Fiduciary Duties of California HOA Directors fiduciary duties california hoa homeowner association directors board members
Adams Stirling PLC


  2-Minute Video

Fiduciary Duty: A duty to act for someone else's benefit, while subordinating one's personal interest to that of the other person. It is the highest standard of duty implied by law (e.g., trustee, guardian). -Black's Law Dictionary

Association Fiduciary Duties. A homeowners association has a fiduciary relationship with its members."It is a settled rule of law that homeowners' associations must exercise their authority to approve or disapprove an individual homeowner's construction or improvement plans in conformity with the declaration of covenants and restrictions, and in good faith." (Cohen v. Kite Hill.) “Notwithstanding the deference to a director’s business judgment, the rule does not immunize a director from liability in the case of his or her abdication of corporate responsibilities.” (Palm Springs Villas II v Parth.)  A director cannot close his eyes to what is going on about him in the conduct of the business of the corporation and have it said that he is exercising business judgment.'” (Burt v. Irvine Co.)

Generally, fiduciary duties owed by a homeowners association to its members are limited to those arising from its governing documents and relevant statutory requirements. (Golden Eagle Land Investment, L.P. v. Rancho Santa Fe Assn. (2018) 19 Cal.App.5th 399, 425; Ostayan v. Nordhoff Townhomes Homeowners Assn., Inc. (2003) 110 Cal.App.4th 120, 129.)

Director Fiduciary Duties. "It is well settled that directors of nonprofit corporations are fiduciaries." (Raven's Cove v. Knuppe.) "Directors of nonprofit corporations such as the Association are fiduciaries who are required to exercise their powers in accordance with the duties imposed by the Corporations Code. This fiduciary relationship is governed by the statutory standard that requires directors to exercise due care and undivided loyalty for the interests of the corporation." (Francis T. v. Village Green.) This applies to directors of both incorporated and unincorporated associations.

A.  DUTY OF CARE (Due Diligence; Duty to Investigate). Directors must be diligent and careful in performing the duties they have undertaken. (Burt v. Irvine Company.) Directors must:

1.  Attend and participate in meetings so they can be informed about the association's business.

2.  Make reasonable inquiry re maintenance issues, rules violations, etc.

3.  Make decisions.

4.  Keep corporate records.

5. Enforce the governing documents.

B.  DUTY OF LOYALTY (No Self-Dealing). Directors cannot use their position of trust and confidence to further their private interests. They must act in the best interests of the association even if at the expense of their own interests. This is more than just embezzlement of funds; it includes steering contracts to family members or taking actions that result in personal benefits to the director at the expense of the association. Violation could result in (i) liability for all profits received, (ii) all damages caused by the breach, and (iii) punitive damages.

"We note that the duty of undivided loyalty applies when the board of directors of the association considers maintenance and repair contracts, the operating budget, creation of reserve and operating accounts, etc. Thus, . . . [directors] may not make decisions for the association that benefit their own interests at the expense of the association and its members." (Raven's Cove v. Knuppe.)

The duty of loyalty can extend to the support of board decisions. Because board members are entrusted with the money and property of the association they must avoid conflicts of interest.

Breach of Duties. Individuals on the board are held to a high standard of conduct, the breach of which may subject each or all of them to individual liability. (Raven's Cove v. Knuppe.)

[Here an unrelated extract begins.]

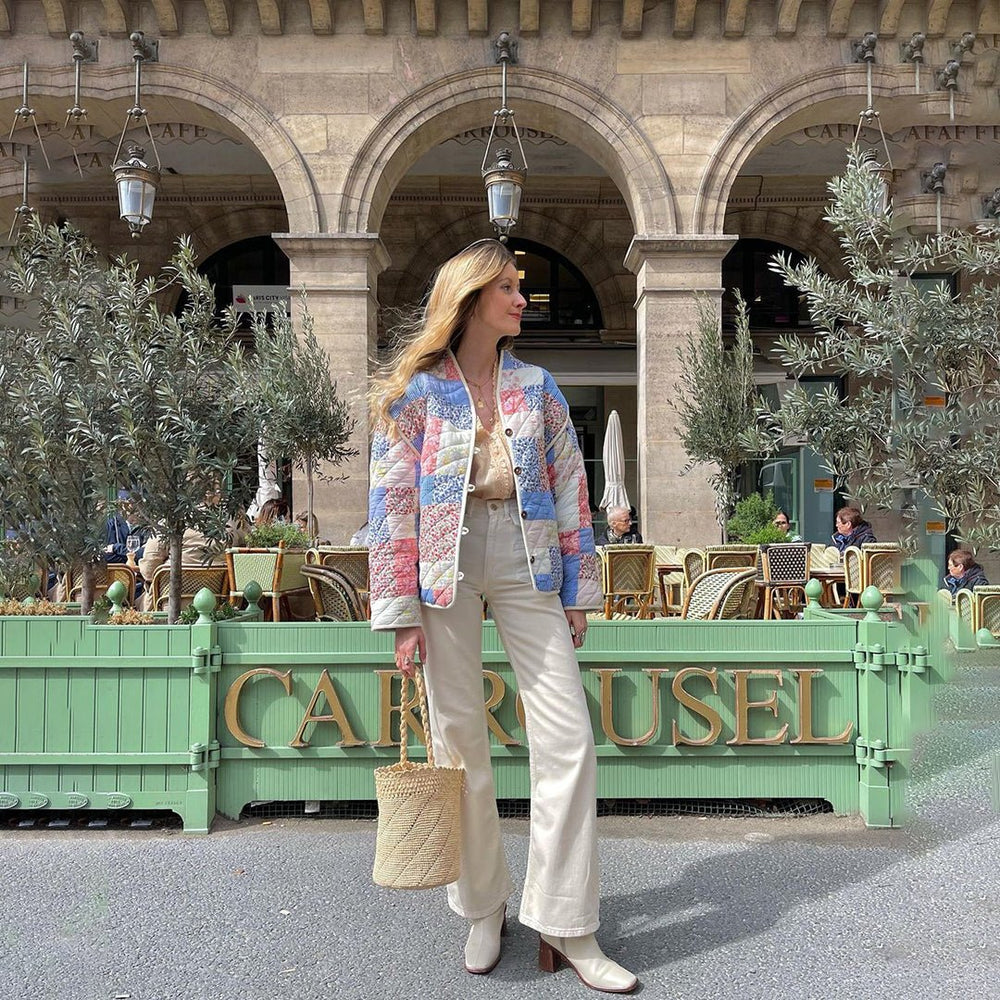 Isabella Cotton Quilted Jacket | Oversized Floral Button Jacket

Delegating Duties. Upon their election to the board of directors of a common interest development, boards have the authority and duty to act on behalf of the association. Boards can delegate many of their duties. However, there are some duties that are nondelegable

Business Judgment. In determining whether directors violated their fiduciary duties, courts will use the Business Judgment Rule. To avoid potential breaches, boards should adopt an ethics policy to guide directors.

Personal Liability. As volunteers, directors are protected from personal liability through the governing documents and various laws provided they meet certain standards. See "Protections Against Liability."

Statute of Limitations. The statute of limitations for an action against an association or board member for breach of fiduciary duties is three (3) years from the discovery of the wrongful act. (Smith v. Superior Court.)

Continuing Duty of Confidentiality. See "Director's Duty of Confidentiality."